Wednesday, September 30, 2009

Why is School Canteen Food Cheaper?

I asked myself, why is school canteen food cheaper? Then I asked other people too.

"The rent is lower", some said. This seems to be an insufficient answer. One notes that demand for food in school is largely inelastic; meaning, price does not have a large impact on resulting demand. In such a scenario, it behooves the canteen stalls to raise food prices to some higher level such that it actually has an effect on demand, thus maximizing profit.

I then thought of the following: First, a canteen stall must be (at most, and at least) as profitable as any food stall elsewhere; this is a consequence of efficient markets. Second, since the tender for canteen stalls is open, this means that the final rent for the stall will rest at a level such that it renders the business just as profitable as any food stall elsewhere.

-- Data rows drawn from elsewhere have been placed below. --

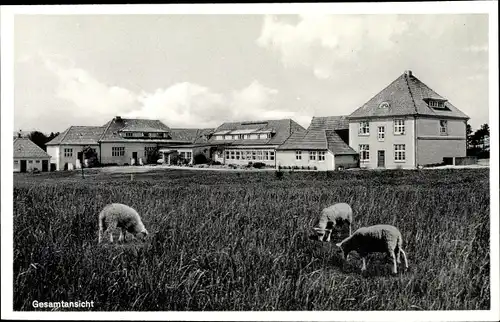 Ak Duhnen Cuxhaven in Niedersachsen, Kindererholungsheim Dr. Anna Sjögren, Schafe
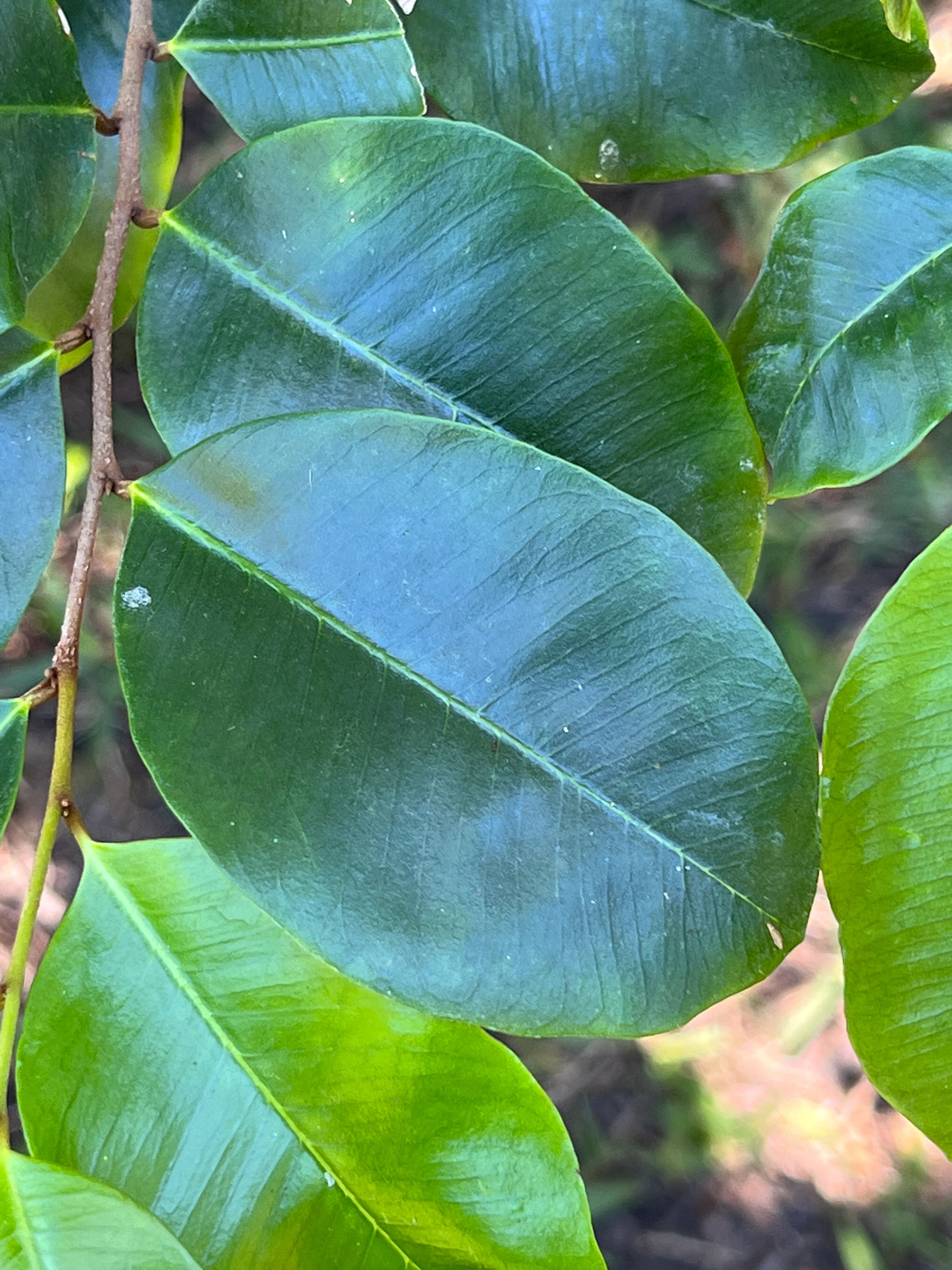 Goetzea elegans - Image 3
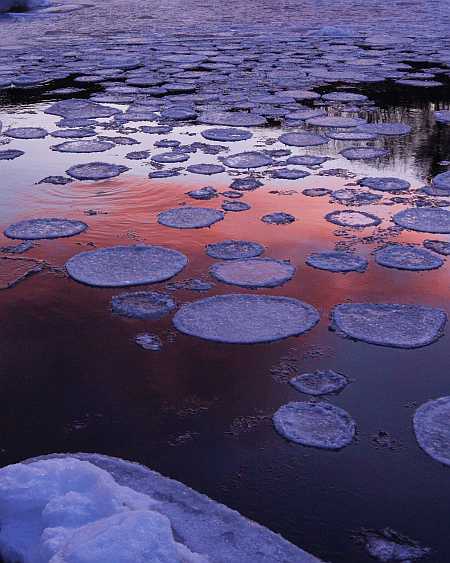 Ice Pads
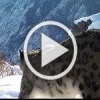 Самка снежного барса и ее котята попали в фотоловушку...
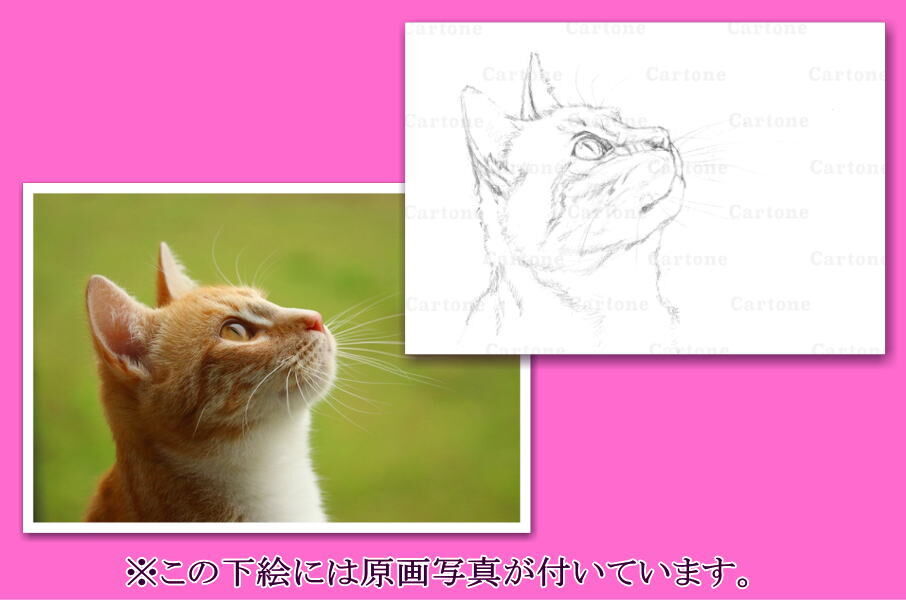 092c 見上げる猫の横顔 | 下絵工房カルトーネ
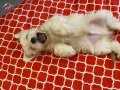 White morkie 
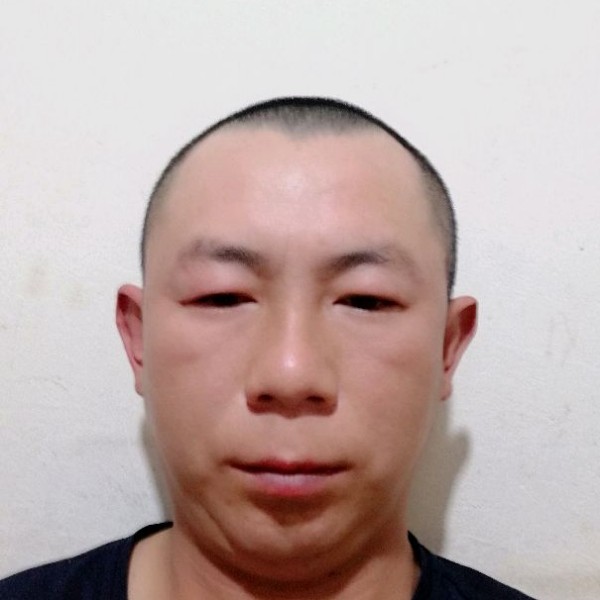 小刺猬拾忆虚心的照片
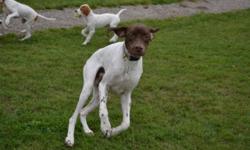 Cisco is a beautiful liver and white 2 year old purebred AKC registered Pointer. He is a retired show dog looking for a pet friendly home. He is crate trained, house trained and has basic manners. Cisco is kind of goofy and clumsy so he can be a bit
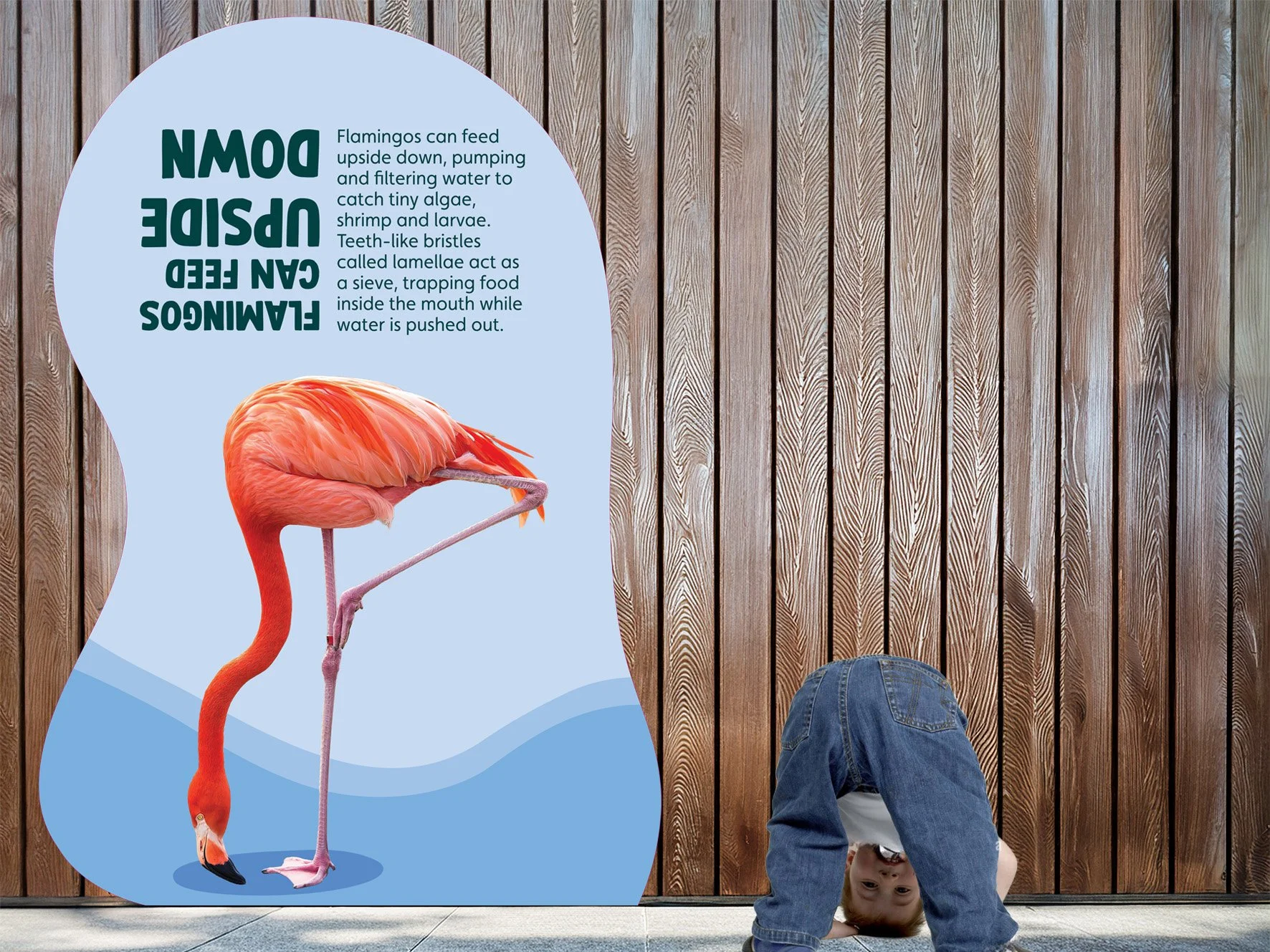 upsidedown flamingo.jpg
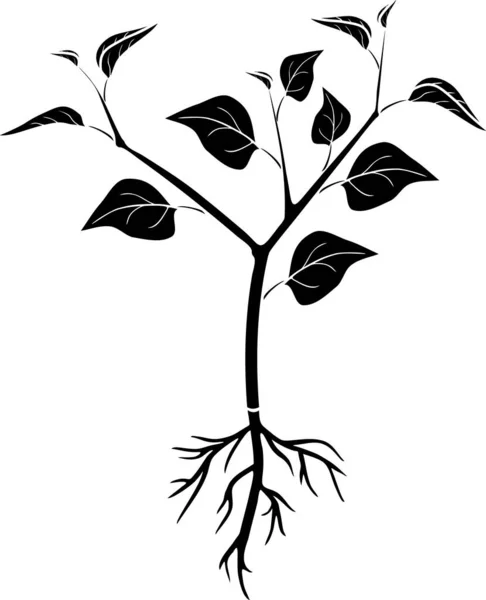 Silhouette Negra Planta Pimienta Con Hojas Sistema Raíz Vista General — Vector de stock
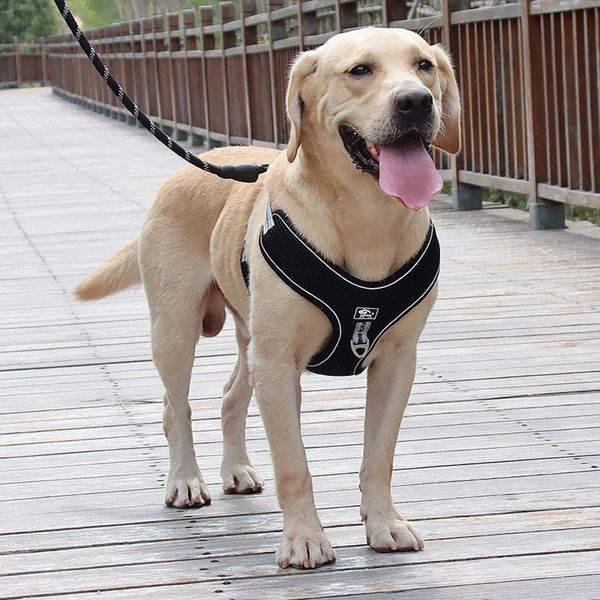 dog collars & leashes pet leash large and medium-sized harness sports running reflective at night security breathable explosion-proof sprint
dog collars & leashes pet leash large and medium-sized harness sports running reflective at night security breathable explosion-proof sprint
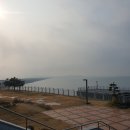 [겨울방학] 대부도 펜션 추천 보니따 풀빌라 펜션 후기: 깨끗한 시설과 즐거운 추억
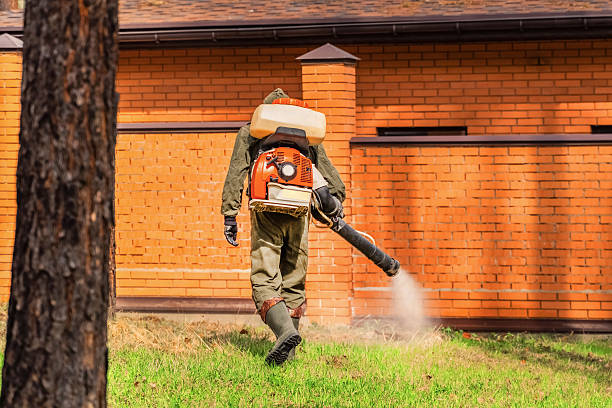 Trusted Ant Control service in Eastlawn Gardens, PA - Nex Pest Control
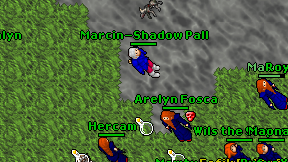 Marcin-Shadow Pall on screen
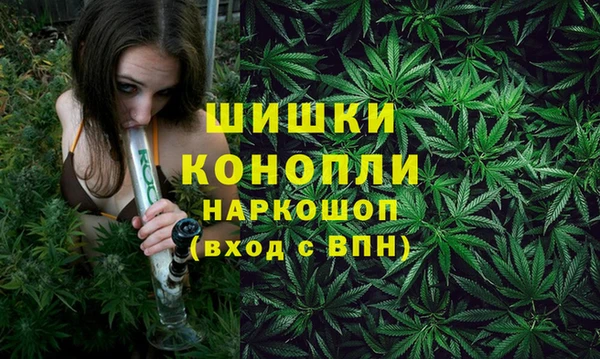 спиды Корсаков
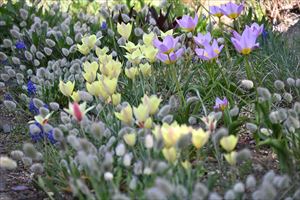 ロックガーデン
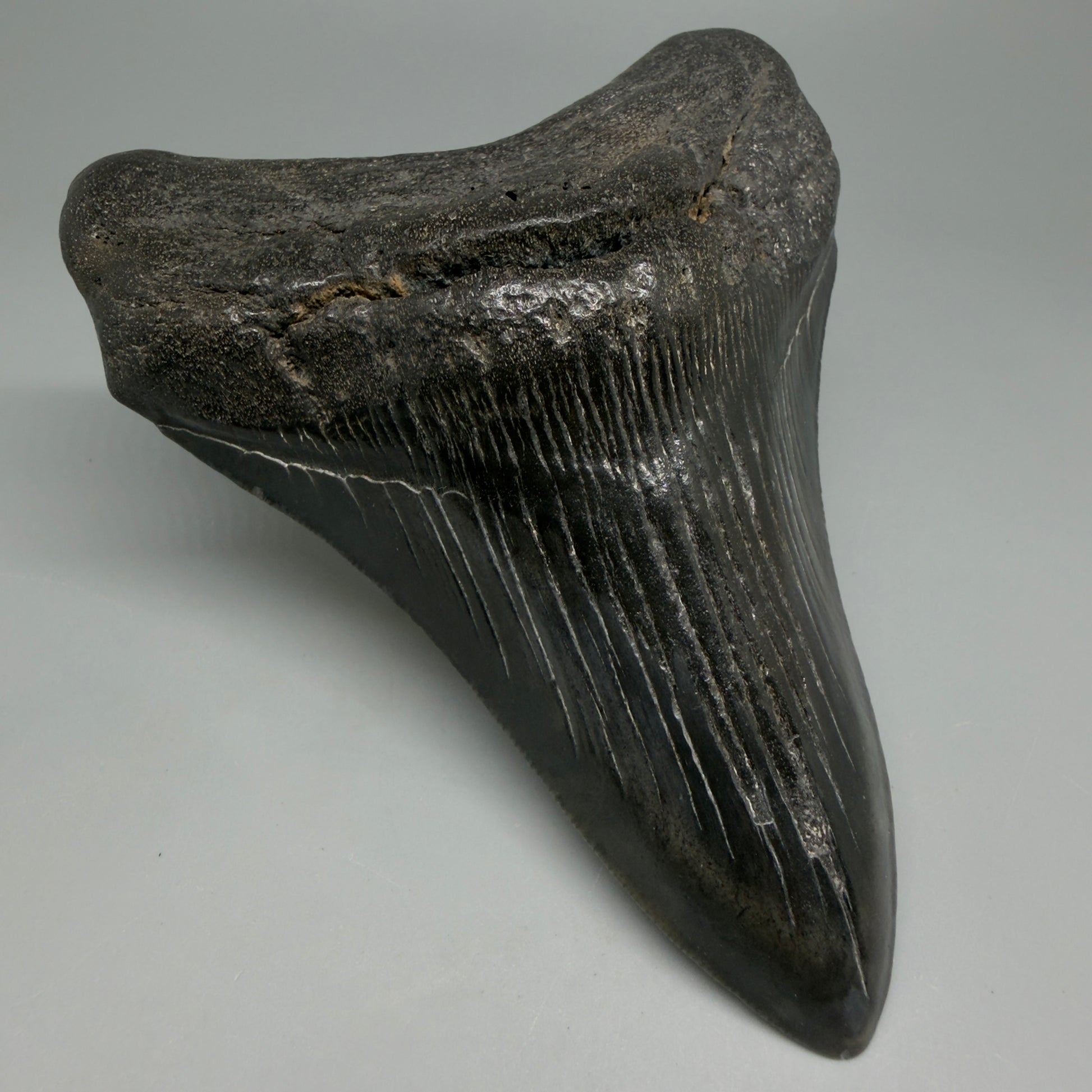 Front Left View Great Shape Complete Lower 4.70" Megalodon Tooth from South Carolina CM6261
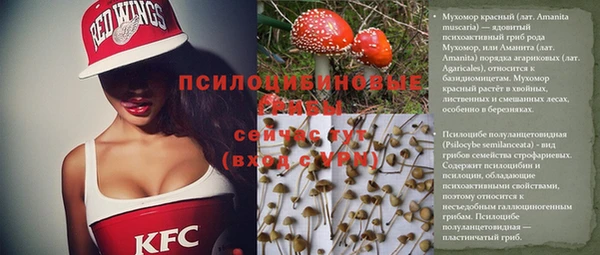 mdma Богородицк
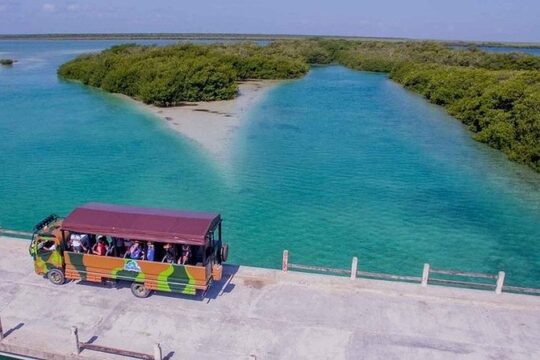 Nature Beauties at Sian Ka'an Biosphere! Round Transportation From Riviera Maya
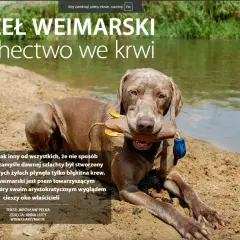 Wyżeł weimarski z zabawką w pysku leży na piaszczystym brzegu rzeki. Jego szlachetny wygląd podkreśla arystokratyczne pochodzenie.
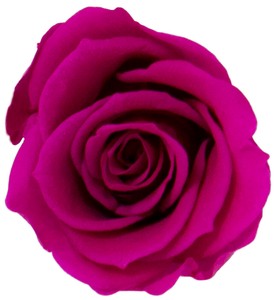 プリザーブドフラワー　GPミアデミローズ 全15色　ドライフラワー 薔薇 フラワーアレンジメント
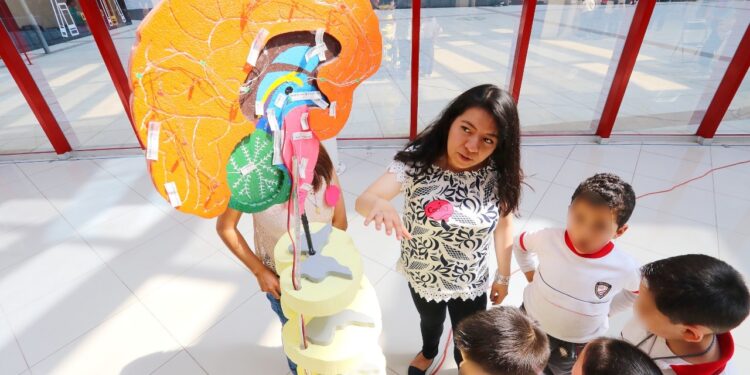 Socializa UATx saberes de las neurociencias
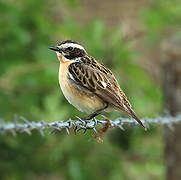 Whinchat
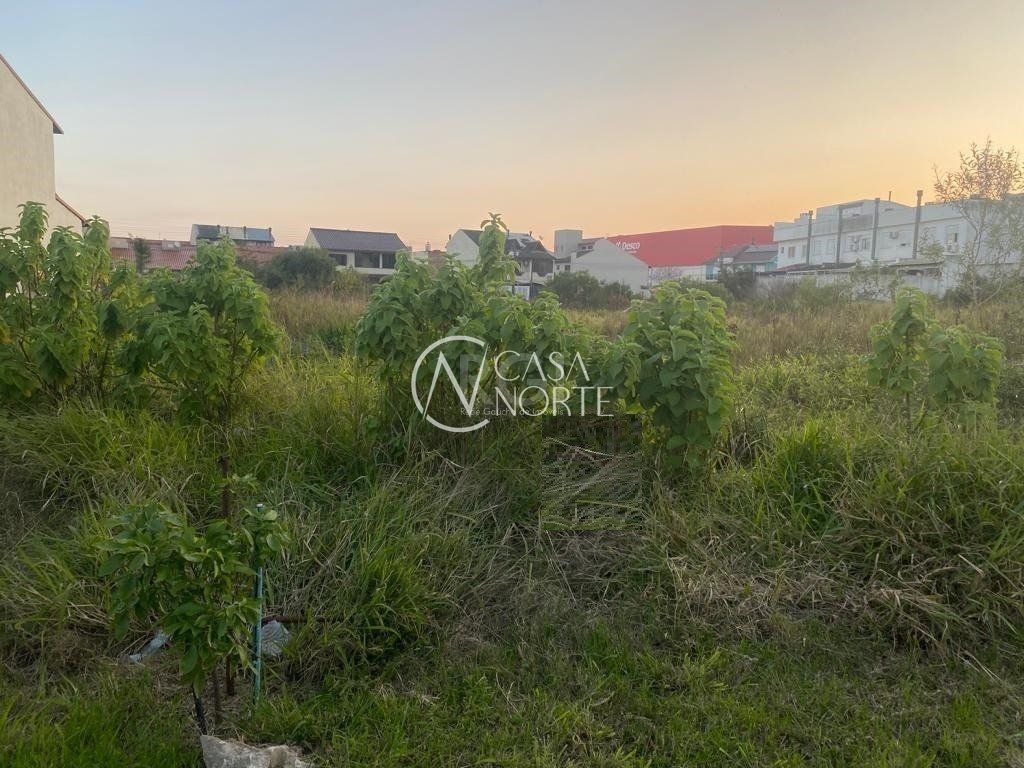 Terreno à venda , 329m², Rua Hilario Gonçalves Pinha no bairro Hípica em Porto Alegre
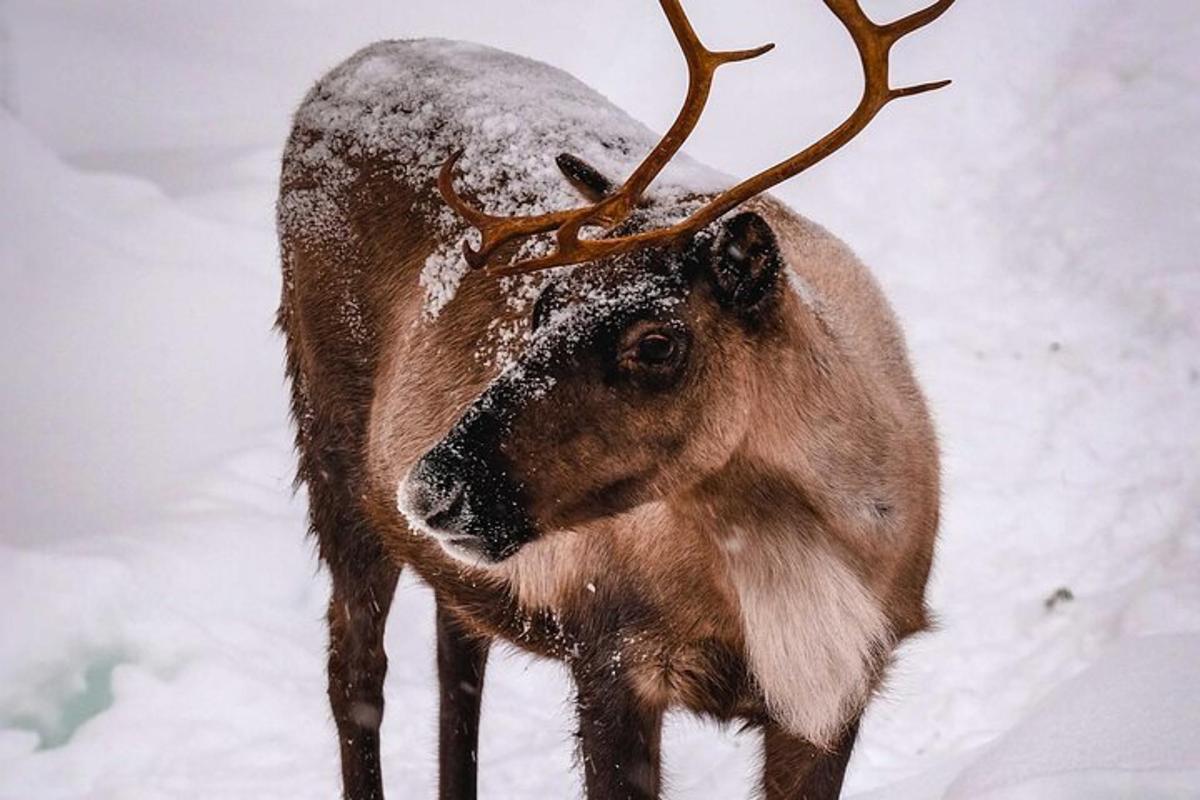 a reindeer with snow on its horns in the snow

Now, if there was no constraint on the food price, the bids for the stall will rise to a level such that the required food price would be at the maximum tolerable. This is as discussed earlier. Conversely, if the tender has some requirement or constraint on the maximum food price, then the bids on the tender will be lowered, such that profitability remains constant.

In other words, it seems that low rent is a effect, not a cause, of food price being cheap. The real reason why school food is cheap is due to constraints on the food price, whether explicitly imposed due to contractual requirements, or implicitly through agreement (i.e., threat of tender being rejected/non-renewed if price complaints are made against the canteen vendor).